The task. Restate, exactly as written, the entries below from the line that holds "BOYA BOYALINK All-in-one" through the line that holds "Dagelijkse Kost Proline". Pictures are not part of the copy.

Records shown.

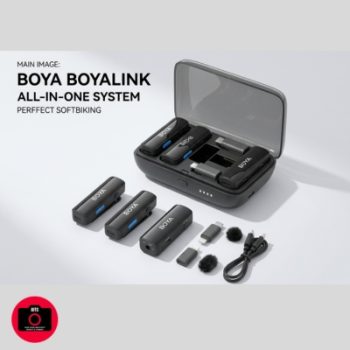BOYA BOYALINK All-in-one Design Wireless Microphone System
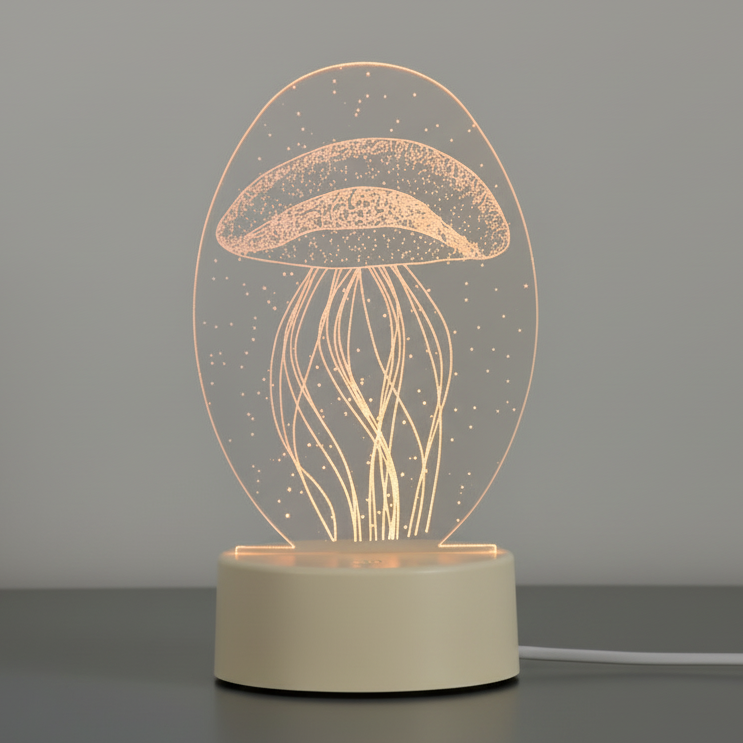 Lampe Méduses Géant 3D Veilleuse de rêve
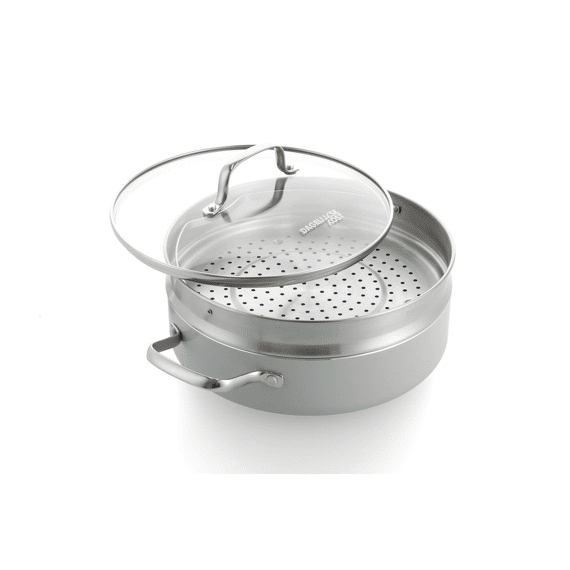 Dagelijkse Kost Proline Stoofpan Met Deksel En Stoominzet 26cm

==

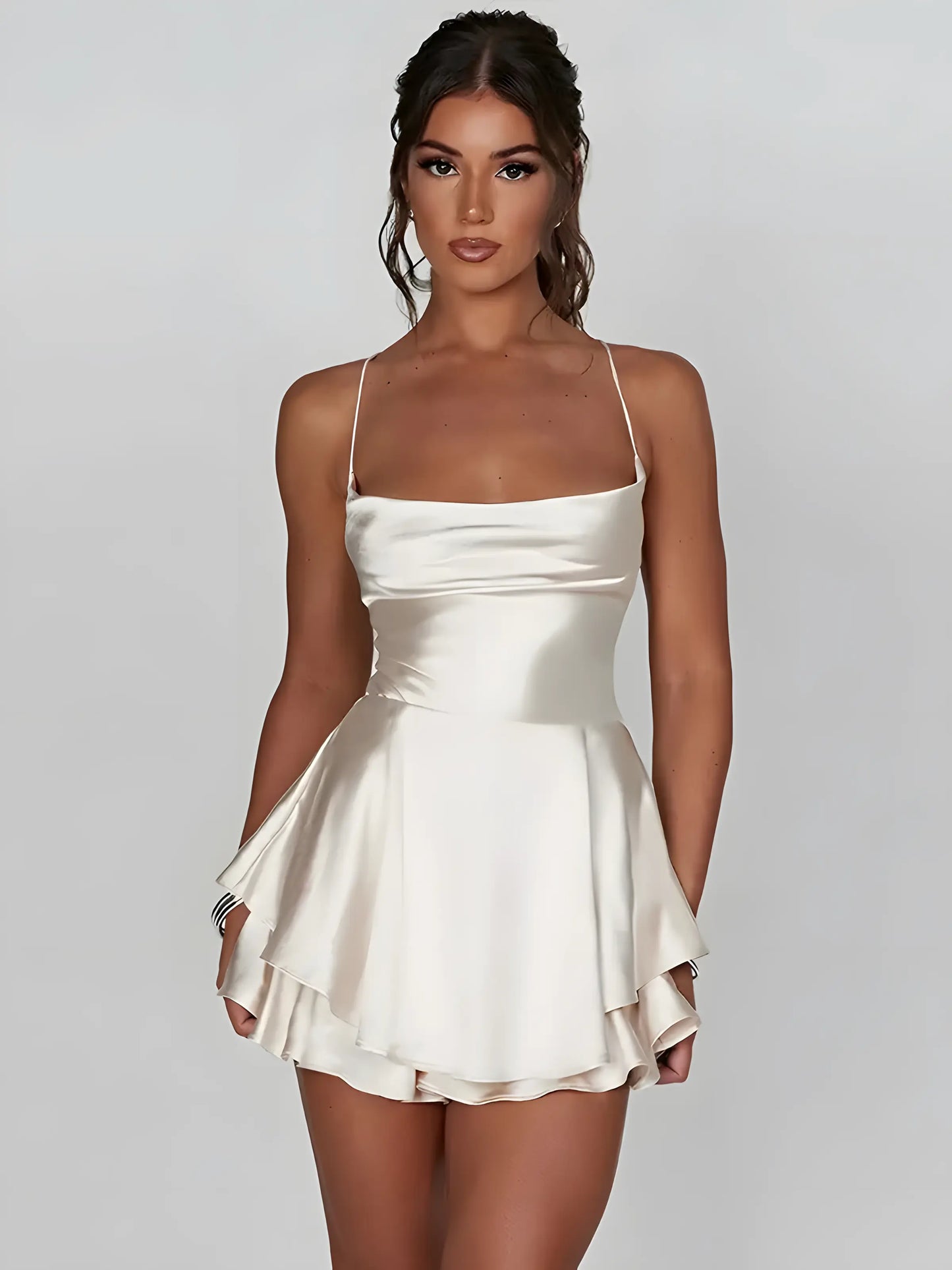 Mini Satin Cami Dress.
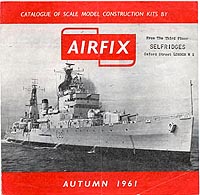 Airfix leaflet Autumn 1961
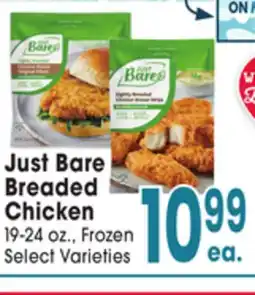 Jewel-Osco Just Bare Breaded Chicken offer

==

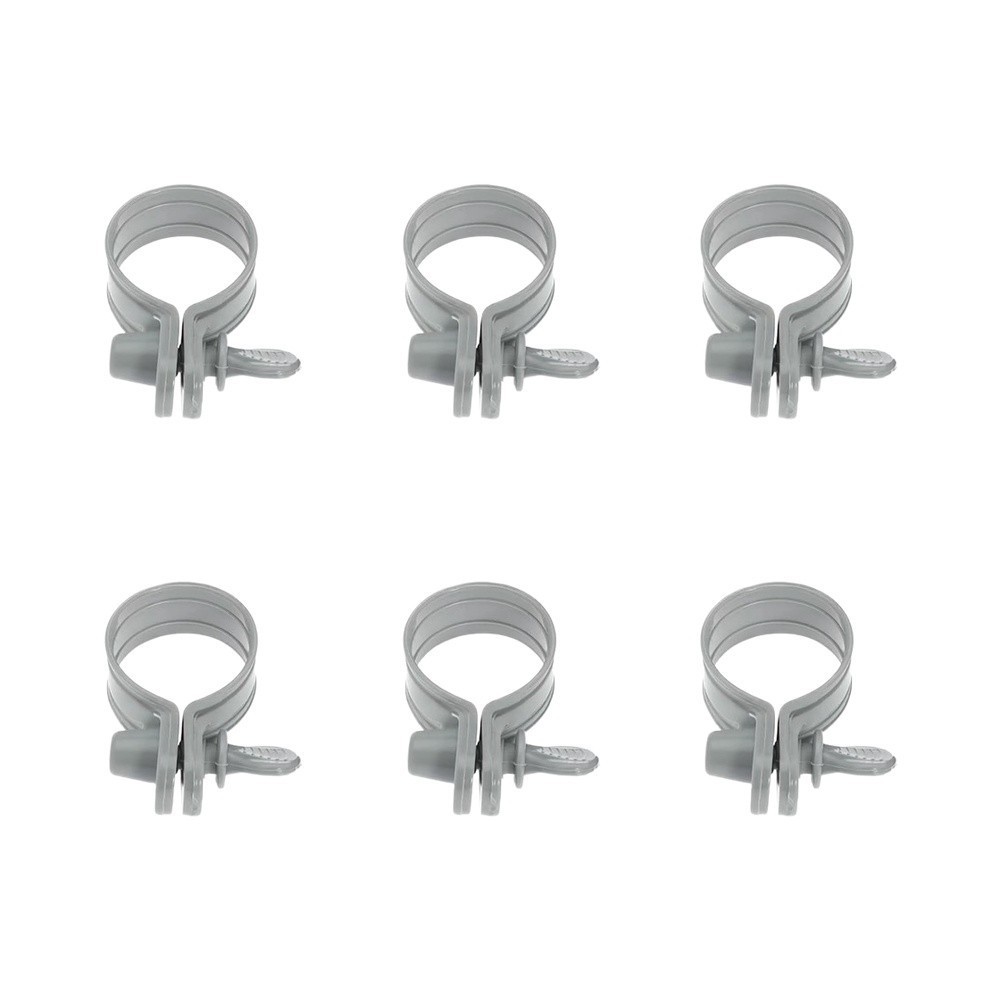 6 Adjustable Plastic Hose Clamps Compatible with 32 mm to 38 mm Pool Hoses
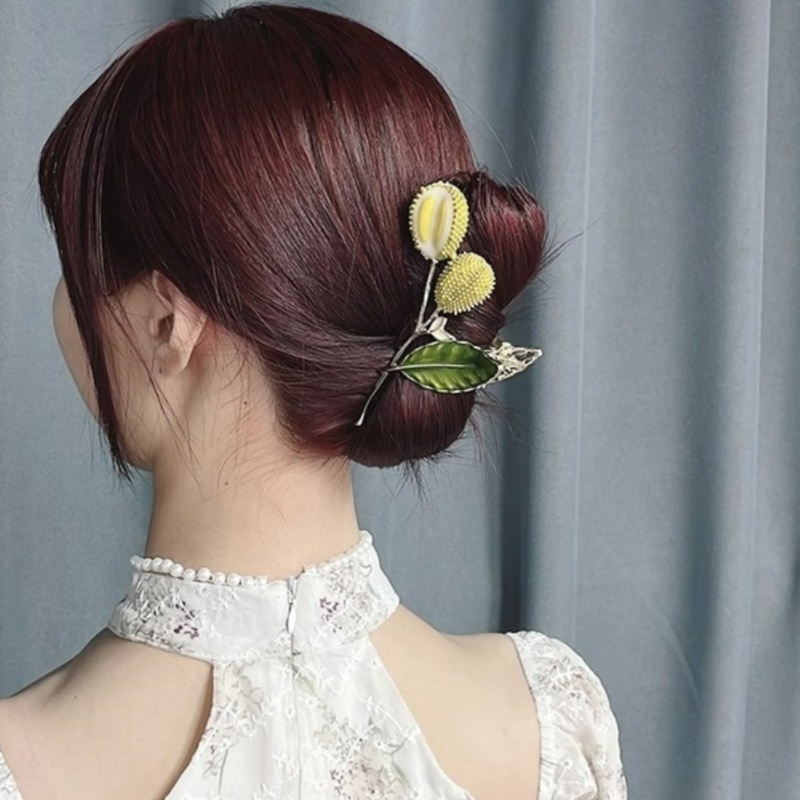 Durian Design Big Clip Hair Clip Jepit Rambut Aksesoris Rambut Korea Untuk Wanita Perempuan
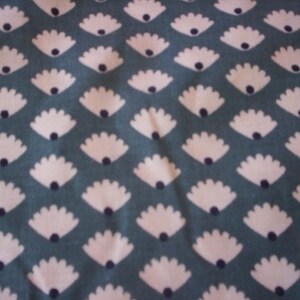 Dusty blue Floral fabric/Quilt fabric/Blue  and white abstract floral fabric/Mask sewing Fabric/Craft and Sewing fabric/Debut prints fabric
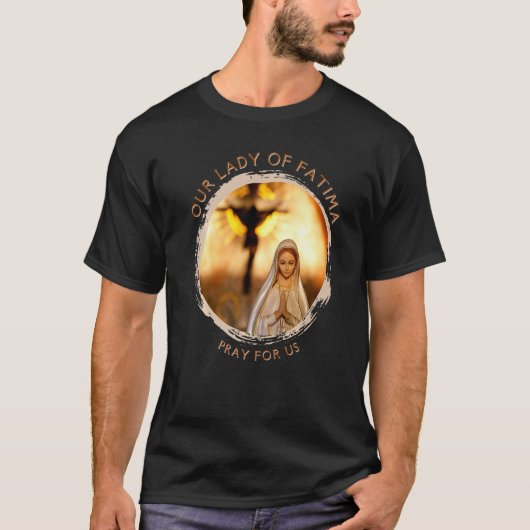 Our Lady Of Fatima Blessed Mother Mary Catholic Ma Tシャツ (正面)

Answer box.
BOYA BOYALINK All-in-one Design Wireless Microphone System
 Lampe Méduses Géant 3D Veilleuse de rêve
 Dagelijkse Kost Proline Stoofpan Met Deksel En Stoominzet 26cm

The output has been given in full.